YTÜ'DE TÜRK HARFLERİNİN ÖYKÜSÜ KONFERANSI

Türk Dili Derneği, Milli Mefkure Birliği (MMB) ma BOSGEM ortak girişimi ile Yıldız Teknik Üniversitesi'nde Göktürkçe öğreneği verilmeye başlanıldı. Bir elin nesi var, iki elin sesi var sözünden yola çıkacak olursak, dört ayrı kurumun ortak bir paydada buluşması gürültülü bir alkış kopmasına neden oldu/olacak diyebiliriz.

Yüksel Yücel

Açılış törenini 28 Şubatta başlatma yargısına çoktan varmıştık. Düşüncemiz öncelikli olarak konuşmaların yapılması, iyilik dileklerinin belirtilmesi sonrasında da benim derse geçmem yönündeydi, ancak kardeşim Cafer başka bir nen öne sürdü. Daha önce Halkalı İMKB Kız Meslek Lisesi'nde ortaklaşa sunduğumuz, ardınca da kendi başına gidip Selçuk Üniversitesi'nde Türk Harflerinin Öyküsü diye sunduğu konferansların aynısını YTÜ'de de yapalım dedi. Buna daha sıcak baktım. Katılımcılara hem bir önbilgi olur, hem de gelir gelmez ürkütmeyiz, neyin ne olacağını iyice kavrarlar diye berkce benimsedim öneriyi. Böylece yeni bir tören programı yaptık. Önce BOSGEM başkanı konuşacak, ardından MMB dönem başkanı, sonra da Cafer çıkacak ma sunumunu yapacak. Kapı ardına gidip bunu yineledim.

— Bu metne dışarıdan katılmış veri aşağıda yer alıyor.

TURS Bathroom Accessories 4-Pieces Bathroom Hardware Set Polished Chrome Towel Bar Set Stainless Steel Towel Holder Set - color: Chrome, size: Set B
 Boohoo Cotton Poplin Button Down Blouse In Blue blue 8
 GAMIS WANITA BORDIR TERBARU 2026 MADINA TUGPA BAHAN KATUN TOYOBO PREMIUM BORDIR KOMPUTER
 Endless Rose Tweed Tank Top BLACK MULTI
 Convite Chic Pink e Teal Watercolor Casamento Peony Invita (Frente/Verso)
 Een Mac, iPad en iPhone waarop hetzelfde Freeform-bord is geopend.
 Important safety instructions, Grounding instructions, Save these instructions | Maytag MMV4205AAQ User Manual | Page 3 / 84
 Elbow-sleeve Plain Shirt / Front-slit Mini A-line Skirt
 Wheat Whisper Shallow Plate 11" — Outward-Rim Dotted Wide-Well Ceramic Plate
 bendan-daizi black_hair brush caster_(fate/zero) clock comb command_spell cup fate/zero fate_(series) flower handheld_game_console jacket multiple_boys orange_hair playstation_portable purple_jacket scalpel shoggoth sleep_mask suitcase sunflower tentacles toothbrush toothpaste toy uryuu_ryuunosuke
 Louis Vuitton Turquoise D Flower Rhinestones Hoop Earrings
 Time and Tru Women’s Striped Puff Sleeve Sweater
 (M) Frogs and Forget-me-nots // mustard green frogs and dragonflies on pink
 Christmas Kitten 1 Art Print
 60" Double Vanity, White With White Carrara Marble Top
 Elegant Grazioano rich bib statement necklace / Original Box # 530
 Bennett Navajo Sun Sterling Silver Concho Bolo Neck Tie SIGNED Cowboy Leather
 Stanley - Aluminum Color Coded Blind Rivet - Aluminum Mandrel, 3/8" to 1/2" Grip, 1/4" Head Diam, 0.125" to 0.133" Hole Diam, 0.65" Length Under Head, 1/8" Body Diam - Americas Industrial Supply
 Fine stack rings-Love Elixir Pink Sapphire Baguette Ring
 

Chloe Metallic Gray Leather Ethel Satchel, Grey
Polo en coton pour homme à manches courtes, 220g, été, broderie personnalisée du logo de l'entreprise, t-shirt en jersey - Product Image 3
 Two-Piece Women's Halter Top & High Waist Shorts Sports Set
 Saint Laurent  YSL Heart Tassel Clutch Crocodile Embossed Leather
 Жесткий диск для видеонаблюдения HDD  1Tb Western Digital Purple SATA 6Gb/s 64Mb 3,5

Daha öncesinde söylemiştim ancak orada bulunanlar Cafer'i daha önce görmediklerinden, hem de Cafer'in yaşı epey genç olduğundan önyargılı davranıp bana emin misiniz hocam der gibi baktılar. Diyemediler bunu ancak kuşkuları da olmasın diye siz bize bırakın diye sürdürünce peki hocam diye onayladılar.

Halit Gökalp Küçük
Sınıf tıka basa dolmuştu, oturacak yer kalmayınca başka yerlerden oturacaklar getirildi. Kimileri de ayakta kaldı. Bir kaza olmasın, bir sorun çıkmasın diye değme nene özen gösterirken, birden askılık devrildi. Onca kalabalığın dengesizce astığı mont, palto, atkı ib yere döküldü. Ortalık toparlandıktan sonra Batuhan Topal (liseli genç bir kardeşimiz) öne çıktı, boğazını temizledikten sonra hoşgeldiniz arkadaşlar diye söze başlayıp konuşmasını yapması için BOSGEM başkanı Yüksel Yücel'i çağırdı. Yüksel bey konuşmasını bitirince bu kez de Batuhan, MMB dönem başkanı Dr. Halit Gökalp Küçük'ü buyur etti. Sıra kardeşime gelmişti. Kardeşime güveniyordum, hem de çok. Yüzümüzü ak çıkarmayı da bildi çok şükür. Orada bulunan herkesi tutkun bırakacak denli bir sunum gerçekleştirdi. İşin özü, kimse böylesi bir beceri (performans) beklemiyordu. Büyük olasılık sunum için çağrılan kişinin böylesi genç (21 yaşında) olması bile dinleyiciler arasında ilk başlarda olumsuz bir etki bile bırakmıştır. Çünkü genel dinleyici algısına göre, kürsüdeki kişinin ünlü, tanınır olması onun dinlenirlik oranına da etki etmektedir. Kardeşim bu algıyı darmağın etmesini becerdiği için, bitimde çok büyük övgüler, bir o denli de alkış almasını bildi. Bir yanda üniversiteye giriş sınavına hazırlanırken öbür yanda üniversitelerde konferans vérmek! Ülkemizdeki genç yétenekleriñ arada nice kaynayıp yok olduklarını gösterir açık bir örnektir. Varolan düzen, bu gibi örneklerden ötrü sakat bir düzendir.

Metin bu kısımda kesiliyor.